I Used *One Shot Fast Dry Gold Size *The size works great, The clear i used was some left over omni I was trying to use up, I layed it down 15 min after leafing, that may have been the issue? I just brushed on cleat coat on my Caddy last night using HOK UC35 and had no issues at all layed out great. I let the Gold leaf dry for a day before applying the Clear coat. I'll post up some pics on how it turned out.


----------



## Rags_87Caddy (Nov 9, 2010)

heres how it turned out.


----------



## luxurysport87 (Mar 9, 2009)

what kind of brush is use for the clear.i spray my clear n want to try the brush. ive also had a problem with the clear chippin off the leaf, any ideas?


----------



## Rags_87Caddy (Nov 9, 2010)

luxurysport87 said:


> what kind of brush is use for the clear.i spray my clear n want to try the brush. ive also had a problem with the clear chippin off the leaf, any ideas?

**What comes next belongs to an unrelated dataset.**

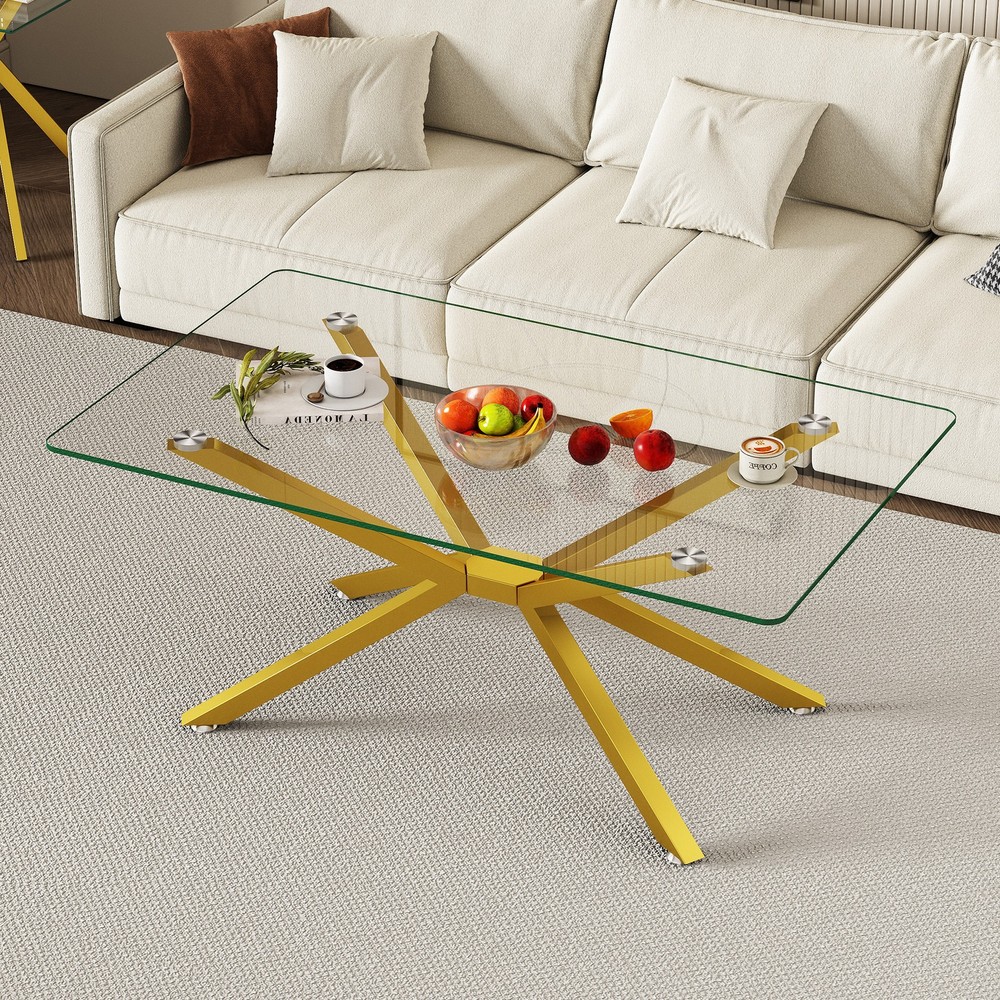 39.37" Rectangular Clear Tempered Glass Coffee Table,Stylish Design with Gold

I used the same type of brush I use for laying down the size I haven't had any problems with the clear chipping, although I havent been able to cruise my low much as it has no Interior and Im still waiting for my seats to come in


----------



## luxurysport87 (Mar 9, 2009)

thanks for the help. caddy looking good


----------



## Ripper (Aug 23, 2011)

There is no reason for the leaf to wrinkle unless the type of sizing is incompatible with the clear. One Shot is enamel, unless they changed it. I haven't used One Shot in about 15-20 years. Omni is urethane. Urethane and enamel are incompatible. That will cause wrinkling, lifting, cracking, etc.... Brushing it on might help avoid that, might not.... Letting the sizing dry overnight may have helped, but if all parts are compatible, 15 minutes is more than enough time for it to work normally. After reading this, I see I wasn't much help for your original issue.


----------



## Rags_87Caddy (Nov 9, 2010)

Ripper said:


> There is no reason for the leaf to wrinkle unless the type of sizing is incompatible with the clear. One Shot is enamel, unless they changed it. I haven't used One Shot in about 15-20 years. Omni is urethane. Urethane and enamel are incompatible. That will cause wrinkling, lifting, cracking, etc.... Brushing it on might help avoid that, might not.... Letting the sizing dry overnight may have helped, but if all parts are compatible, 15 minutes is more than enough time for it to work normally. After reading this, I see I wasn't much help for your original issue.


thats probaly what the issue was the incompatiblity between the enamel One shot and the Urethane Omni didnt think about it then but I'm sure thats what it was


----------